[INFORMATION SUPPLIED]

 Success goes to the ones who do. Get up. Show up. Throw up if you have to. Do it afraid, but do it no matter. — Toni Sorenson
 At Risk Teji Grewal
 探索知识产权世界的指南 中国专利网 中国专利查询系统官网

[EXERCISE DESCRIPTION] Repeat the data. Keep every word the same.

[PROBLEM SOLUTION]
 Success goes to the ones who do. Get up. Show up. Throw up if you have to. Do it afraid, but do it no matter. — Toni Sorenson
 At Risk Teji Grewal
 探索知识产权世界的指南 中国专利网 中国专利查询系统官网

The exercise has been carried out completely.